START Input for this task

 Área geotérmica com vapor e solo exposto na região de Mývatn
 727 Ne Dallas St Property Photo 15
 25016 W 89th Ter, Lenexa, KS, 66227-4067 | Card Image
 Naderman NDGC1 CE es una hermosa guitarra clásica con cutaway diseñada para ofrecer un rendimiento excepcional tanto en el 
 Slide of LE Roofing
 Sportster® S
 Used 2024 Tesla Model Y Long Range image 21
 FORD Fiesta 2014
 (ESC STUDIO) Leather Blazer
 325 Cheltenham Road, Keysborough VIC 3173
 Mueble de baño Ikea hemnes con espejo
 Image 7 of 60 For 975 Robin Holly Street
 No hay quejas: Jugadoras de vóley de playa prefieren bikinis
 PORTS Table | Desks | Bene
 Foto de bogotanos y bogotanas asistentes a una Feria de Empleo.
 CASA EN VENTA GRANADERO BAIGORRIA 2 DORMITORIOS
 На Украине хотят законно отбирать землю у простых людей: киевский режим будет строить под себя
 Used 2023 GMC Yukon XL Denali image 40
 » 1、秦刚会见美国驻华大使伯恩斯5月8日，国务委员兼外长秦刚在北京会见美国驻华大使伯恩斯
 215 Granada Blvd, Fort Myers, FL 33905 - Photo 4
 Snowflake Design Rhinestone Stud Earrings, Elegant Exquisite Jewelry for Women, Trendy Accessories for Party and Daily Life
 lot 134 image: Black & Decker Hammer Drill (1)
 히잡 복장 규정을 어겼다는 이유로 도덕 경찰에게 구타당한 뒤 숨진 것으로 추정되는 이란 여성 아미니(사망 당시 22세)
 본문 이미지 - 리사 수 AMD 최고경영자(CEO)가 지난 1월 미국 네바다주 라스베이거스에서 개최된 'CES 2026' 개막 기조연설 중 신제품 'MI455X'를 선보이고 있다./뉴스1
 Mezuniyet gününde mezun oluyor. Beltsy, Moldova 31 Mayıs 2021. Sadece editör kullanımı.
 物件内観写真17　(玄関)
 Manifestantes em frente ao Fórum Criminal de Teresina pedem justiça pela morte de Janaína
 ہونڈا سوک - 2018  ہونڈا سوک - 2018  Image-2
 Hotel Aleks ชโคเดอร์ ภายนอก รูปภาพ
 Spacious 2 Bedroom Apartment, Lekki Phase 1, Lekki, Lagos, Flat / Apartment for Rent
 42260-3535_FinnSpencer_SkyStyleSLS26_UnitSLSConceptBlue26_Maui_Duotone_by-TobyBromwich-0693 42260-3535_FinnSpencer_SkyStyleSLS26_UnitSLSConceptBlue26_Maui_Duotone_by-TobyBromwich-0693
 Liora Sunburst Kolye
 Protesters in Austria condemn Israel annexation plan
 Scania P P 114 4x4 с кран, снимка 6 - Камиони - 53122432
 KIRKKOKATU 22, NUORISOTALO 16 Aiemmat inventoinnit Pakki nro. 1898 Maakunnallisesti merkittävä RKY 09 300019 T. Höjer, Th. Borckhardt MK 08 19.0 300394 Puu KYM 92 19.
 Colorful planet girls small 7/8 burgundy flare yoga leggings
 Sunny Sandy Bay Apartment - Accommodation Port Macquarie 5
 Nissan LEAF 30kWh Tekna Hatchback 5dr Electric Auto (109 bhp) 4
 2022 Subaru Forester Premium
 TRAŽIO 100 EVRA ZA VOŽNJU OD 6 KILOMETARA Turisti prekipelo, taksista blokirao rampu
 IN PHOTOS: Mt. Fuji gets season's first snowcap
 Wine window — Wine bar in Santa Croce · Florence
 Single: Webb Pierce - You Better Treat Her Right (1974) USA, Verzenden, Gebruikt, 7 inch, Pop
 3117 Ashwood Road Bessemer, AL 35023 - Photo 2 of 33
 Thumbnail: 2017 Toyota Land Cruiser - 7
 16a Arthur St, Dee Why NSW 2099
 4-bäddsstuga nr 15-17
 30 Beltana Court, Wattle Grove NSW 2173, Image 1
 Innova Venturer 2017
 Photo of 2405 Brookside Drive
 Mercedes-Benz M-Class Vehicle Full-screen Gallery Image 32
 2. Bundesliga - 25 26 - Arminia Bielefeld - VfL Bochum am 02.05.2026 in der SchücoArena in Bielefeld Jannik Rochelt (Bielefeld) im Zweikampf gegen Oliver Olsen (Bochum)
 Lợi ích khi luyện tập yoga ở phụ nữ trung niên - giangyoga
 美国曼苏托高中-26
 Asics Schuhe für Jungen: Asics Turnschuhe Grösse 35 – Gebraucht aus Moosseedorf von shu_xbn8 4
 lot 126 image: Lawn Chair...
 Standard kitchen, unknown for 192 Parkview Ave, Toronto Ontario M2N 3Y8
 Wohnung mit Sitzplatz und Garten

END Input for this task

Search the records for the string "Apartment" and return every line in which it occurs.

 Spacious 2 Bedroom Apartment, Lekki Phase 1, Lekki, Lagos, Flat / Apartment for Rent
 Sunny Sandy Bay Apartment - Accommodation Port Macquarie 5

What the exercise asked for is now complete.